Stewart and Gouldman continued as 10cc and had decent hits with “The Things We Do For Love” on the Deceptive Bends album (1977) and “Dreadlock Holiday” from Bloody Tourists (1978). Godley & Creme turned out several albums that I really liked, especially L and Ismism -- retitled Snack Attack in the U.S.

(Trivia note: I discovered a copy of Snack Attack in the album racks of The Naked I, a long-gone strip club in Boston’s now-defunct red-light district, “The Combat Zone,” when I was working as graveyard-shift custodian at the club in early 1982. It was obviously a “cut-out” copy distributed free in the hope of getting promotional airplay. Since it certainly wasn’t going to be broadcast out of the Naked I, and I doubted anyone would be taking off her clothes to the lyrics-heavy, perky and oddball tunes on the album, I lifted it for my collection.)

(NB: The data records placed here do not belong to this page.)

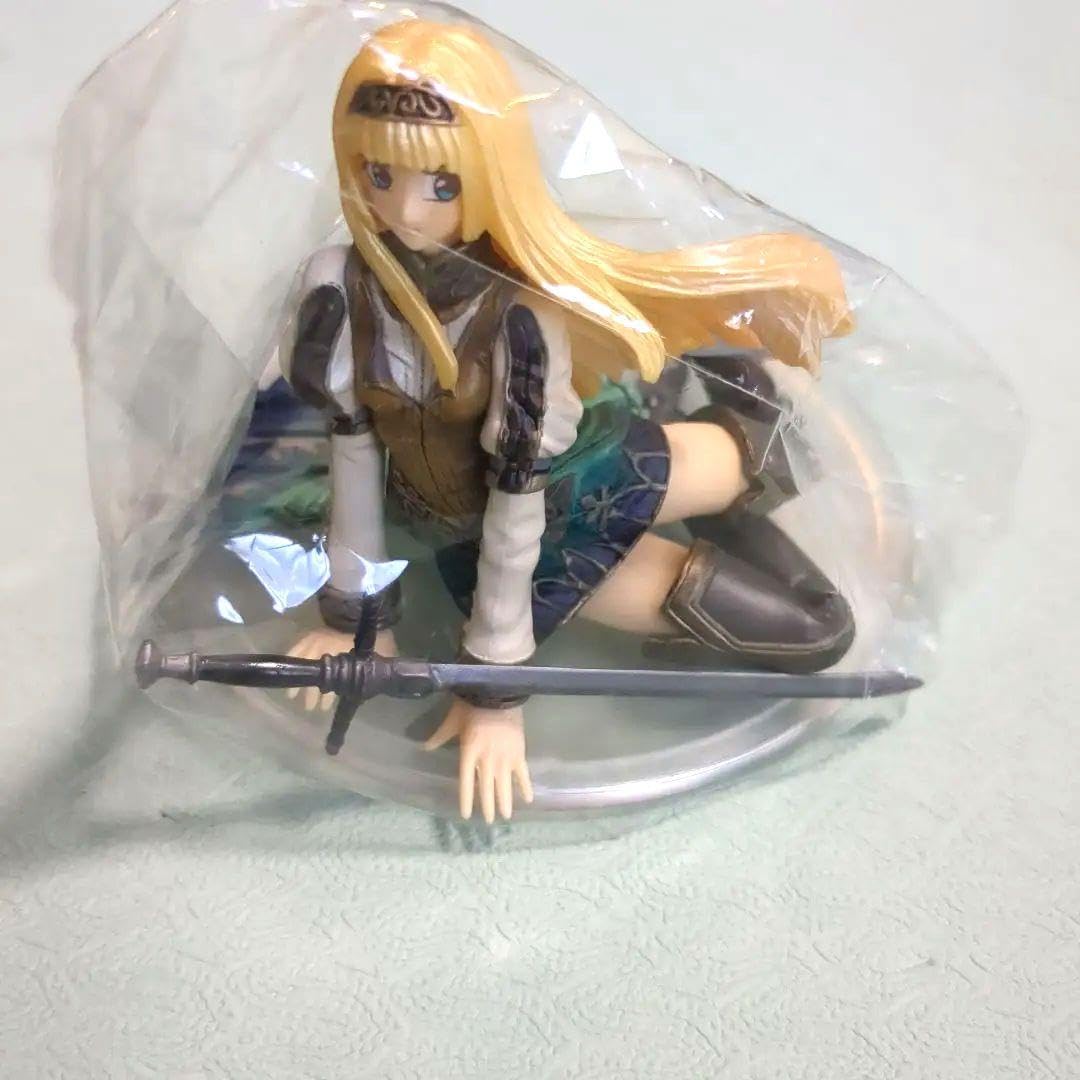 Amazon.co.jp: ヴァルキリープロファイル トレーディングアーツ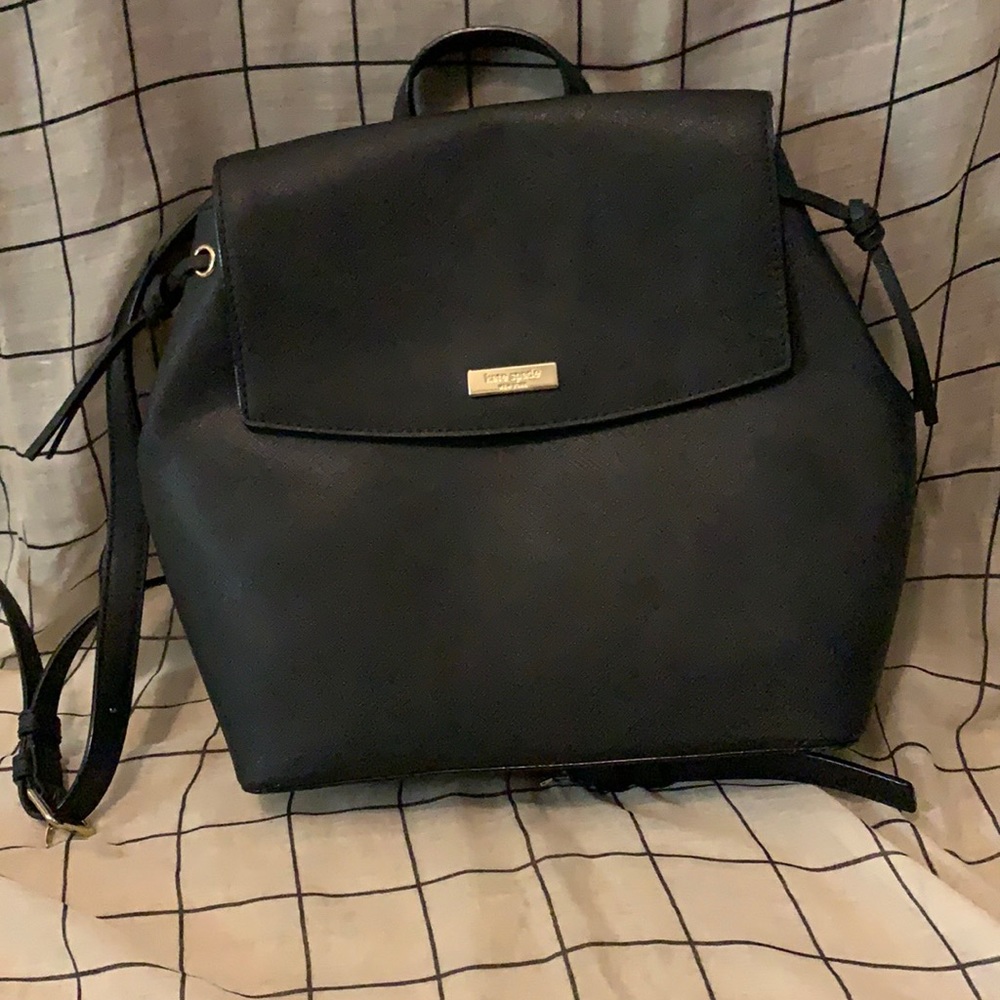 *Brand New* Kate Spade Backpack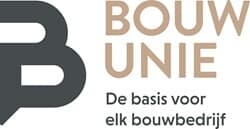 Bekijk de Bouwunie-webinar terug en digitaliseer je administratie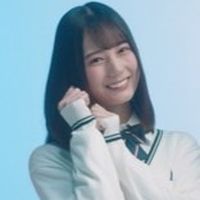 乃木オタ櫻坂オタおひさまの皆さん集合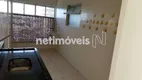 Foto 13 de Apartamento com 3 Quartos à venda, 106m² em Vila Laura, Salvador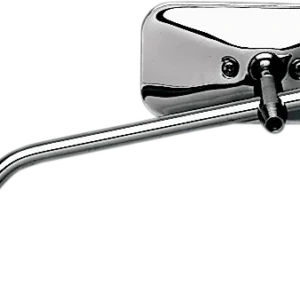 EMGO VOOR ALLE MODELLEN SCREW- STEM MIRRORS MIRROR CHPR 10MM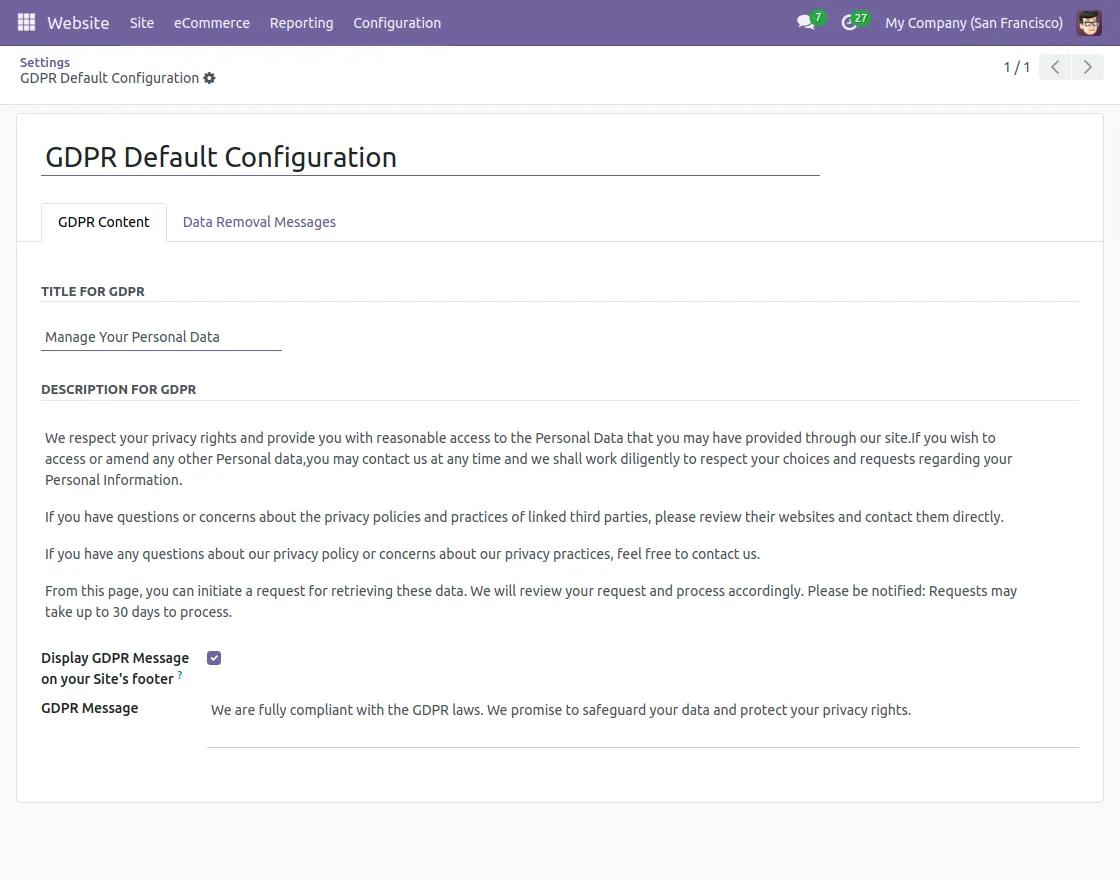 customize-gdpr-configuration-form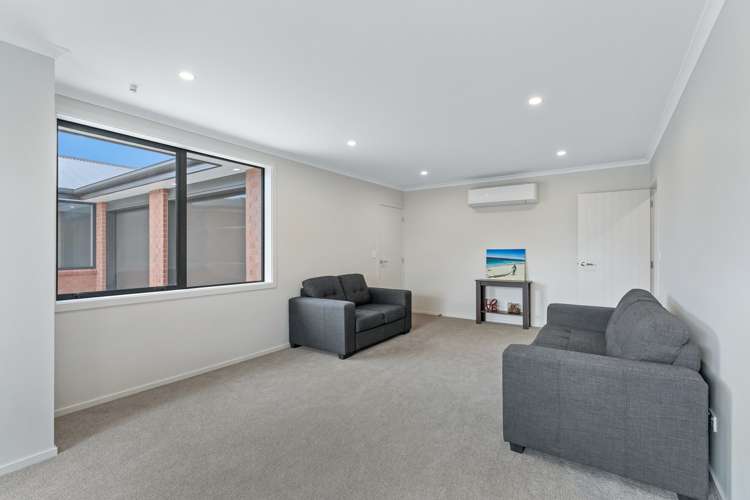 38a Fingall Street South Dunedin_8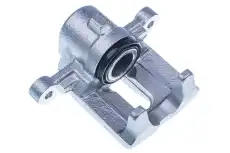 Суппорт тормозной DENCKERMANN B190162L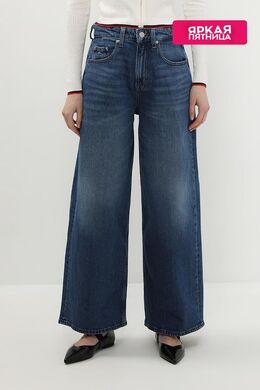 Tommy Jeans: Повседневные джинсы 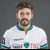 Julien Fumat rugby player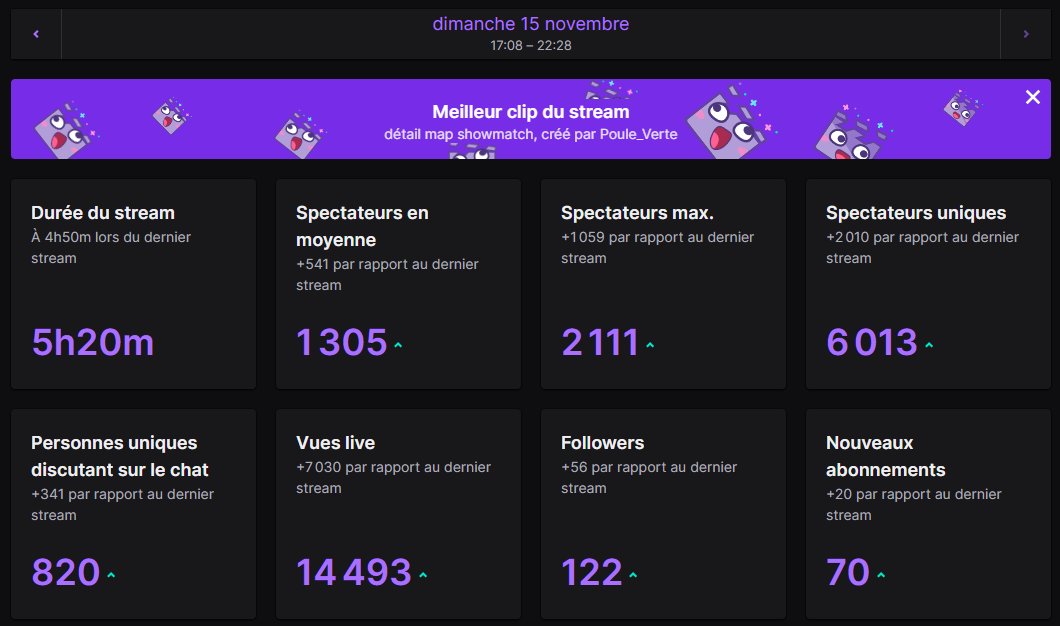 OGN EMPIRES tweet media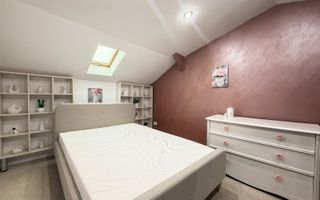 Casa finisata modern - zona centrala! - Poză 10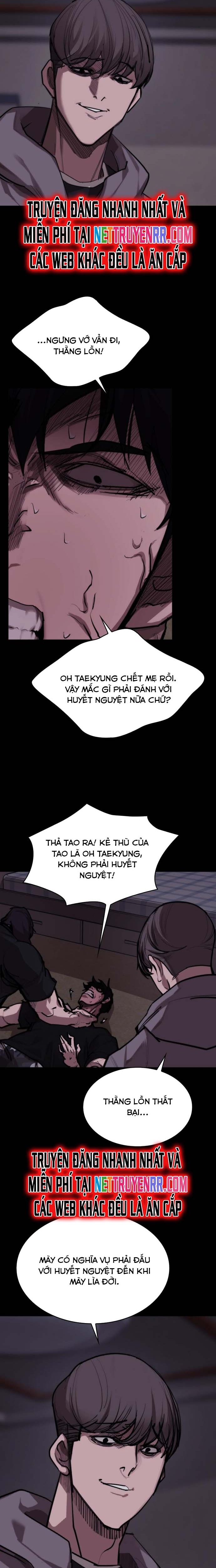 Chương 11 - Trang 2
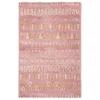 ATMOSPHERA Tapis "Girly" New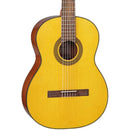 Takamine GC1LHNAT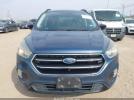 Ford Escape Se Image 16
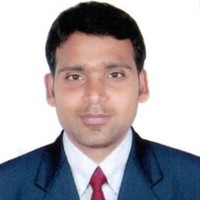 Vanka Ram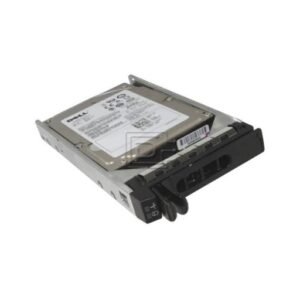 341-9253 Dell 500GB 7200RPM SATA 2.5-Inch Hard Drive
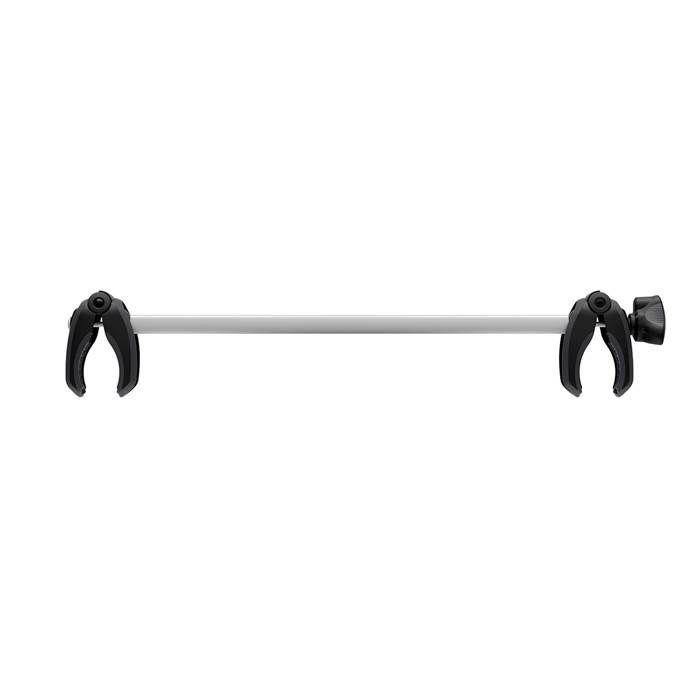 Thule-BackSpace-XT-4th-Bike-Arm
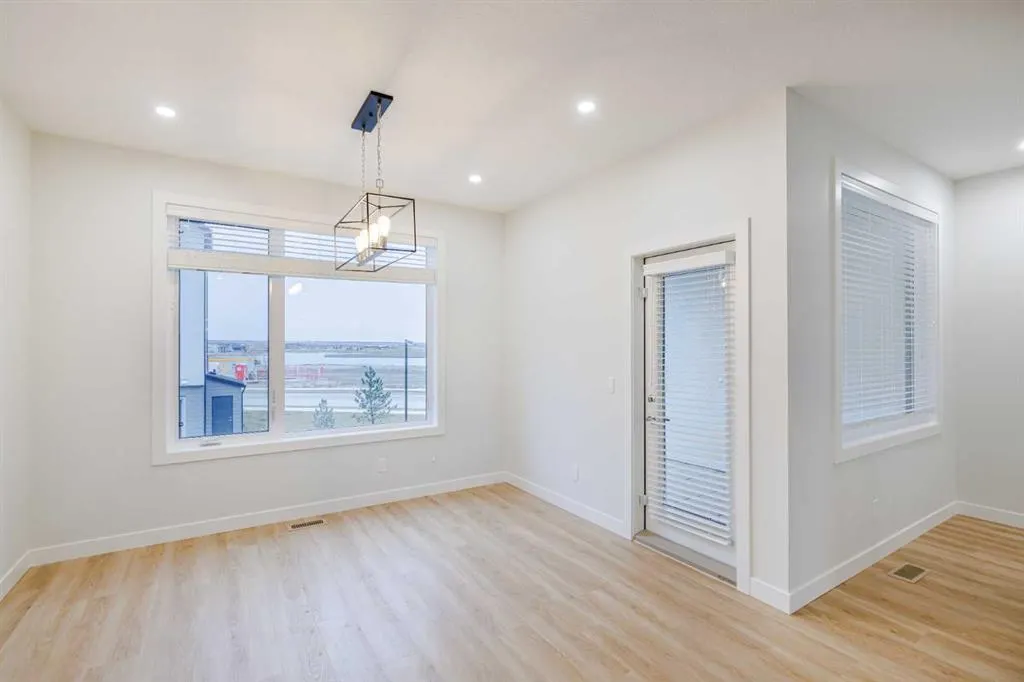 213 Alpine Rush View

They featured witty, sarcastic narratives and commentaries like “Joey’s Camel,” “The Party,” and “Hit Factory/Business Is Business” (take the opportunity to read the terrific lyrics on the links to these songs); and peppy, poly-rhythmic instrumentals such as “Foreign Accents.” The duo could also evoke pathos, as in the autobiographical depiction of anti-Semitic bullying on the playground in “Punchbag,” and the creepy re-creation of a November 1963 afternoon in Dallas in “Lonnie. (Unfortunately, theres apparently no digital copy of this unsettling mini-masterpiece online.)

G&C also went into video production and did the videos for Duran Duran’s “Girls on Film,” Frankie Goes to Hollywood’s “Two Tribes,” The Police’s “Every Breath You Take,” Wang Chung’s “Everybody Have Fun Tonight,” and the Peter Gabriel duet with Kate Bush, “Don’t Give Up.” Creme has directed at least six U2 videos as well as The Beatles’ “Real Love.” The pair won a Grammy for Best Music Video, Long Form, for “The Police: Synchronicity Concert” (1986). Stewart would work with Paul McCartney on Tug of War and Pipes of Peace, and Ringo Starr on Give My Regards to Broad Street (1982-84). You can read a fine 2012 interview with all four band members in The Guardian, which compares them at various times in their careers to The Beatles and Talking Heads.

As for “I’m Not in Love,” it has been covered dozens of times, by everyone from Petula Clark, Amy Grant, Tori Amos, and Donny Osmond to Richie Havens, Rick Springfield, and The Pretenders. The London Symphony Orchestra recorded an arrangement for its Classic Rock album only a year after the 10cc release. The song has also appeared in the soundtracks of The Virgin Suicides, Bridget Jones: The Edge of Reason, and Guardians of the Galaxy. It was even used in the soundtrack for the video game “Grand Theft Auto: Vice City Stories.”

For a long time, the name 10cc (ten cubic centimeters) was rumored to indicate a volume measure of semen that’s a little larger than that of the average man’s ejaculate, to imply the band’s extra potency or prowess. Snopes.com has dismissed the myth, with a confirmation that the name came from a dream of the bands original record label owner, Jonathan King. Although 10cc was supposed to exceed the average males production, the average is actually closer to 3cc and can vary anywhere from 0.1 to 10.0.

If you think all of this sounds immature, consider the actual provenance of the name Steely Dan.